Monevator is of the camp (along with one of my all time favorite bloggers, Golbguru, who’s been sadly quiet of late) who thinks that technical analysis is a bunch of mumbo jumbo, or as one of them says, “a load of bull and bear crap”. I suppose it’s because it seems much like reading tea leaves: check out a bunch of charts and wield a ruler and voila, you’ve got some answers! Seems a bit far-fetched maybe?

Japanese candlesticks
Image from Free Forex Signals

Thoughts On Technical Analysis of the Investment Markets

For me, the jury for this kind of investing analysis is still out. I may want to expound on this another day, but for now, I’ll say that I like to spend an inordinate amount of time at online broker sites, reading the investment forum chatter and “dabbling” in a little trading and technical analysis. I haven’t particularly discounted this form of analysis completely. In fact, I’ve been studying it for the sake of seeing a different perspective on investing, and have picked it up to try to understand current and past market behavior. As far as trying to predict the future based on the past? It’s all guesswork of course, but both stock market technical analysis and fundamental analysis attempt to provide perspective about what may potentially happen down the road with a given market or security.

I actually lean on both approaches (with varying degrees of confidence) along with a whole lot more (intuition included) in order to determine my next moves for my investments. And while I don’t rely on technical analysis exclusively as a way to make money off the markets, I believe I’ve become a better investor and have learned a lot more about how any market works, thanks to getting a little bit more educated in the concepts used by short term traders and active investors.

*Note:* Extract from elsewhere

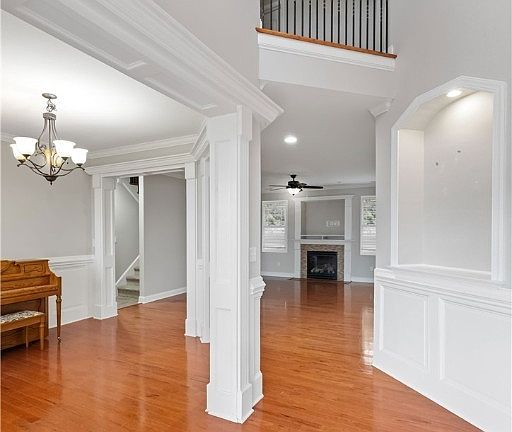 3rd image of 400 Oakridge Dr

The point here for me is whether technical analysis can “help me with my game”. I think it has, but not in the way you’d think, since I don’t trade that much. I’ll just have to say “it works for me” in so far as providing me additional knowledge about how the various investment markets work and how investors and traders “play” in this universe. I pretty much use it for the educational value. I just view it as a way to get a big picture read on investments and a nice way to try to gauge market sentiment.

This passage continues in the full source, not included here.